I got two questions as well. The first one is on the beyond. Can you give us there the metrics on the performance as a whole and then by the two segments? The second one is more in regards to your CFO role. Can you talk us a little bit about your views on the current state of the debt? Debt has been increasing over the last couple of years due to M&A and also due to higher refinancing. Maybe you can give their comment around your personal strategy, how that should be going forward, and what is the total debt capacity you feel comfortable with? Thank you.

Virginie Duperat-Vergne
CFO, Edenred

Thank you, Hannes. Just to be clear, I'll take your question, but I'll also come back on Josh's question on Brazil because I was probably sketched to the next question before I had time to answer Josh. Maybe starting first with Josh's question on Brazil regulation. On Brazil regulation, discussions are still ongoing as we speak. What we have told you in July remains valid. Maybe discussions can be seen as being long, but it's important to remember that in Brazil, you have more than 110 different issuers. That's also one element that needs to be taken into account because as discussion progresses, the government also sees different situations between different types of issuers and then discovers around how it works. That's a lengthy process that we are still in. No real news to add to what we said. On your question, Hannes, coming back to you.

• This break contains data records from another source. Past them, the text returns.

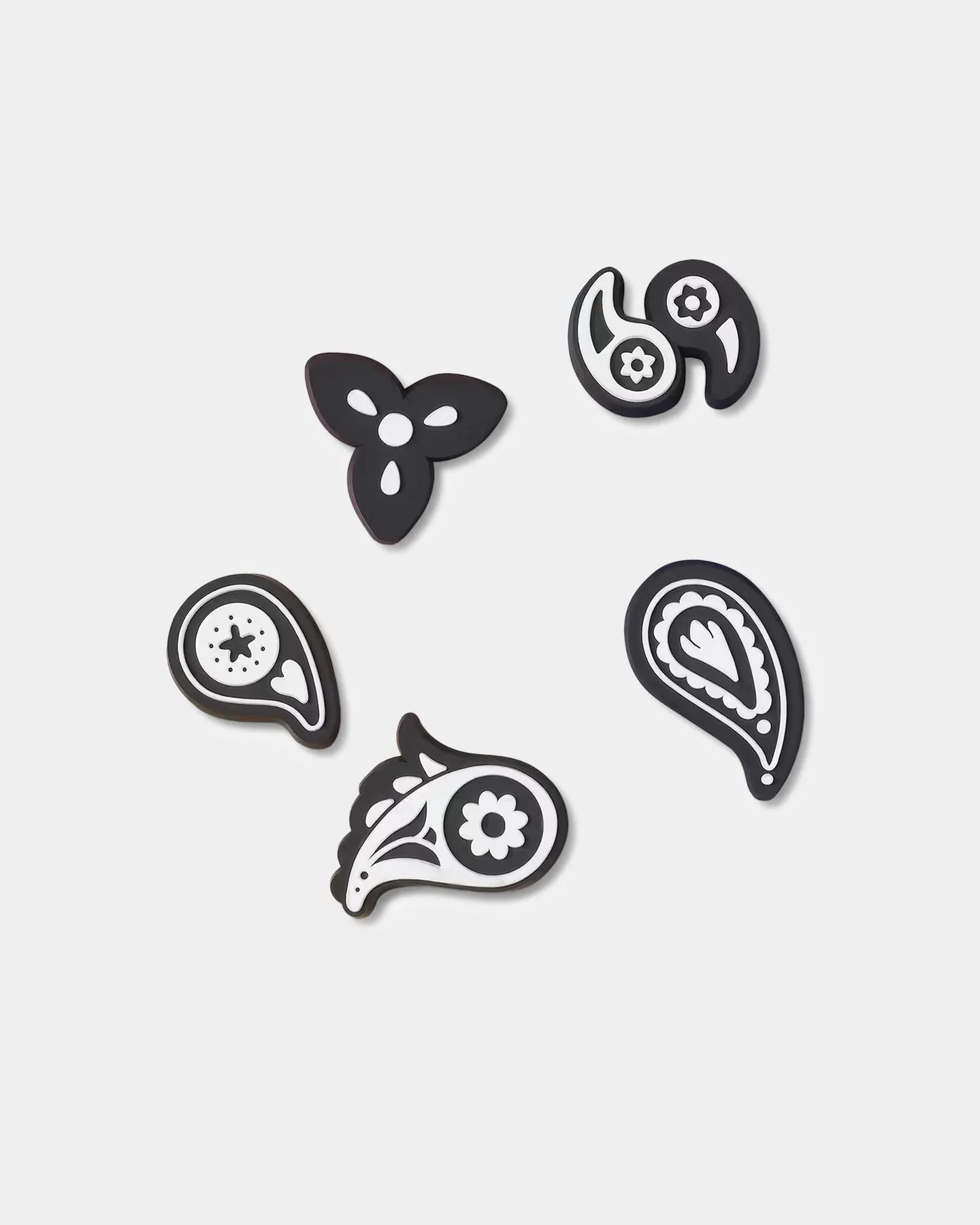 Crocs Paisley Bandana 5 Pack Jibbitz Charms Multi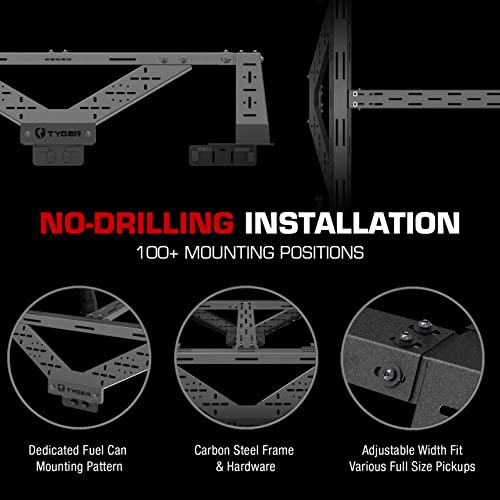 Plate Style Overland Bed Rack for Full-Size Trucks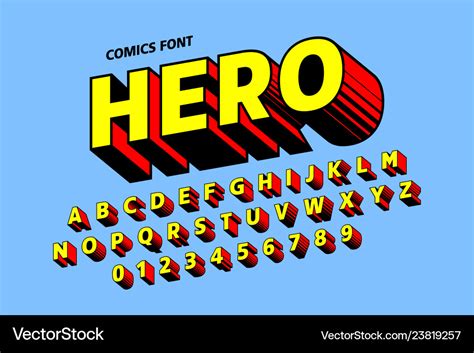 Comics style font design alphabet letters Vector Image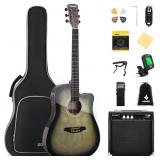 $190 Donner Acoustic Electric Guitar Full Size Kit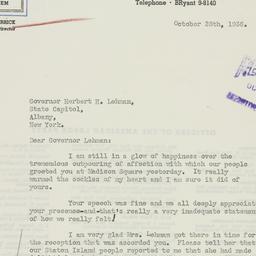 Letter: 1936 October 28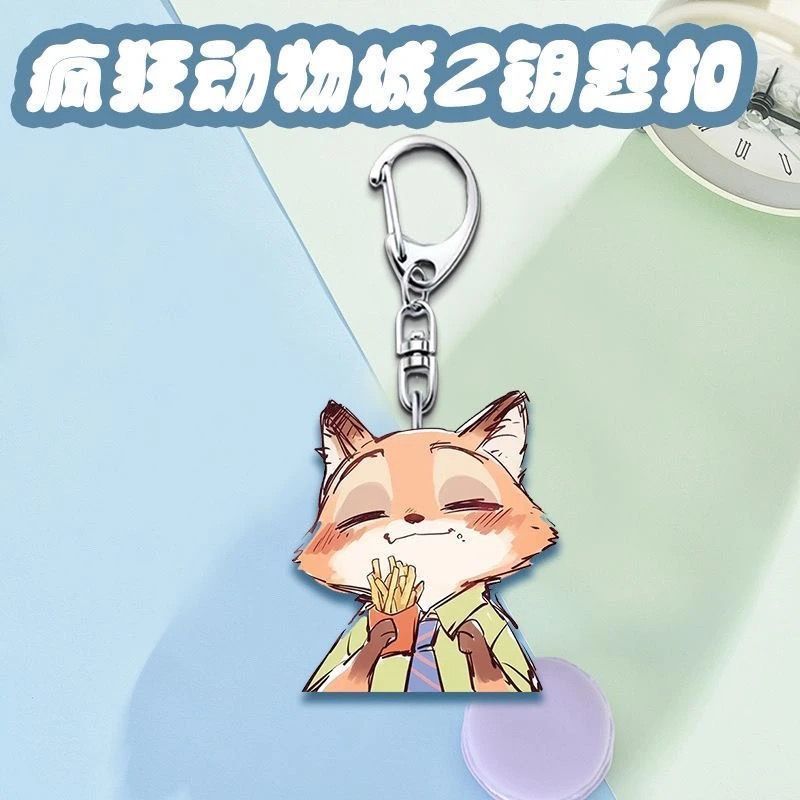 Colgante Mad Animal City Nick Judy llavero acrílico doble cara de alto valor de la cara bolsas escolares adornos colgantes regalos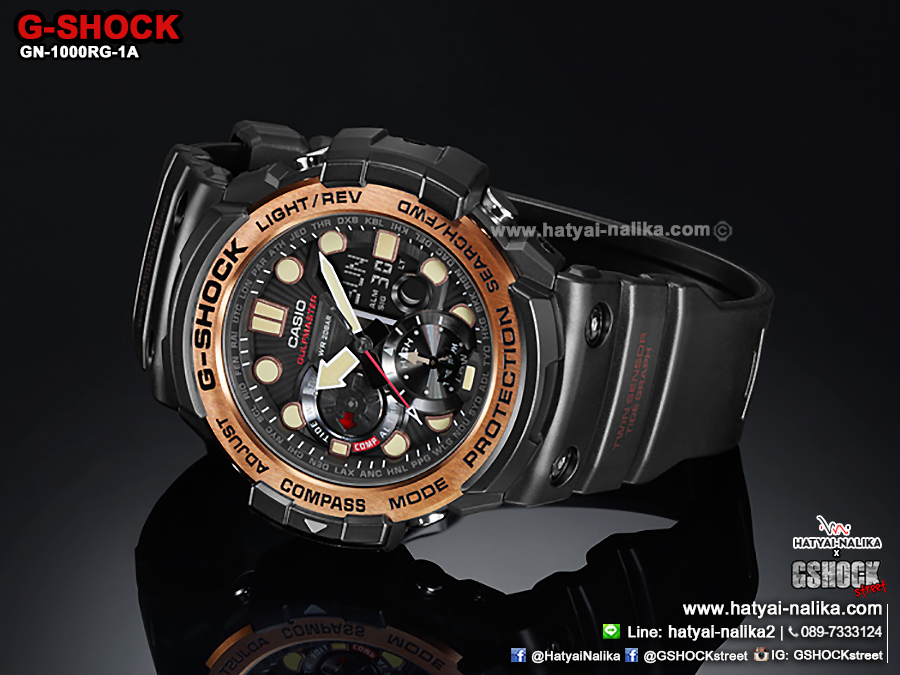 นาฬิกา Casio G-Shock GULFMASTER Twin Sensor Vintage Rose Gold series รุ่น GN-1000RG-1A ของแท้ รับประกัน1ปี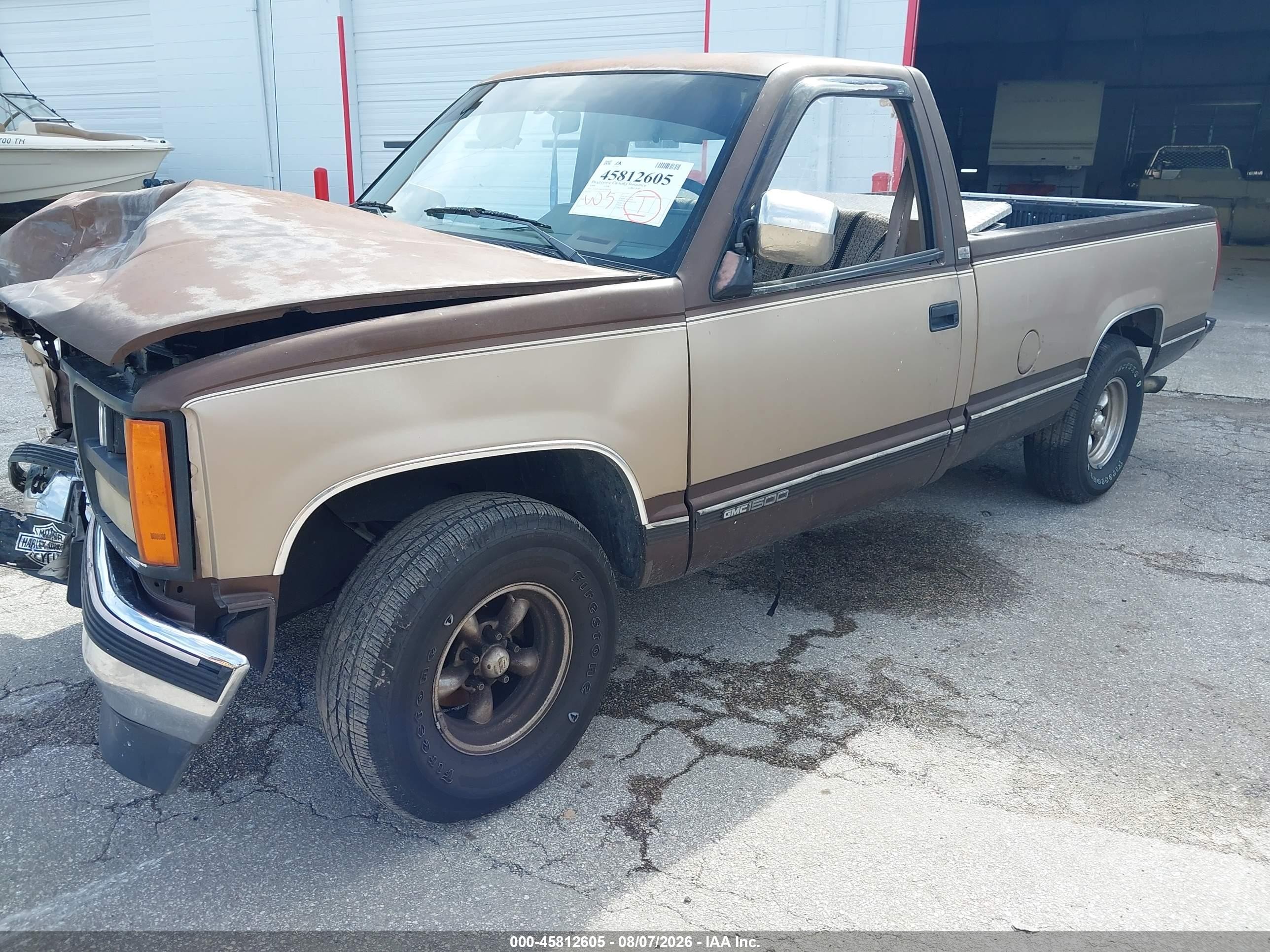 1988 Gmc Gmt-400 C1500 Brown vin: 1GTDC14K3JZ560196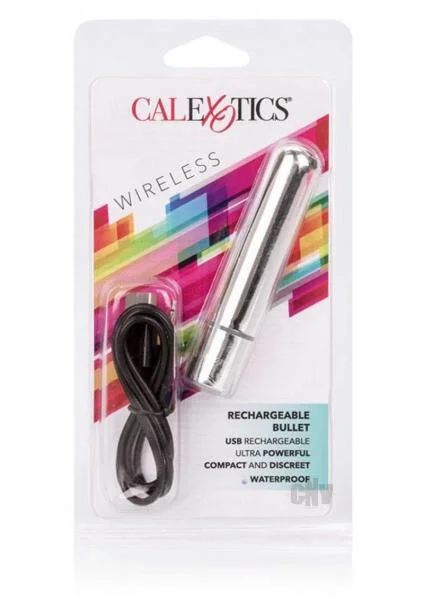 Rechargeable Bullet Vibrator - Silver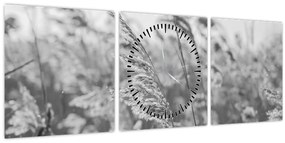 Kép - Fű a szélben (órával) (90x30 cm)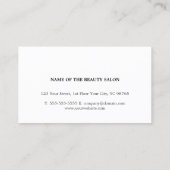 ミニマルバラフェイク金ゴールドはさみ美容師 名刺 (裏面)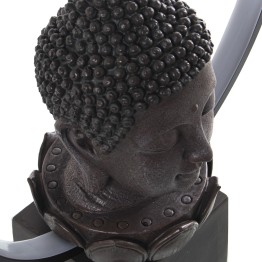 Lámpara Sobremesa Buda con Halo LED 38cm | Decoración Zen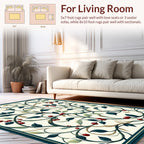 Vine Cherry Botanical Pattern Rug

On the beyond performance, nothing specific. I'll come back to what we said in H1 because we don't disclose a P&L in Q3, as you know. It's only a revenue release. In H1, as we said, you know beyond performance has been growing faster than our core performance. That's still valid for Q3 in terms of revenue. In terms of margin, you know of our beyond activities, it's not significantly different when you look at H1 performance to what it is in the core businesses. As far as the debt is concerned, yes, we have a gross debt of around EUR 4 billion on the face of the balance sheet. As you may have seen, we have also quite a strong volume of cash in the face of our balance sheet. At the end of the day, when we look to our debt profile, we have a strong, fast deleveraging profile.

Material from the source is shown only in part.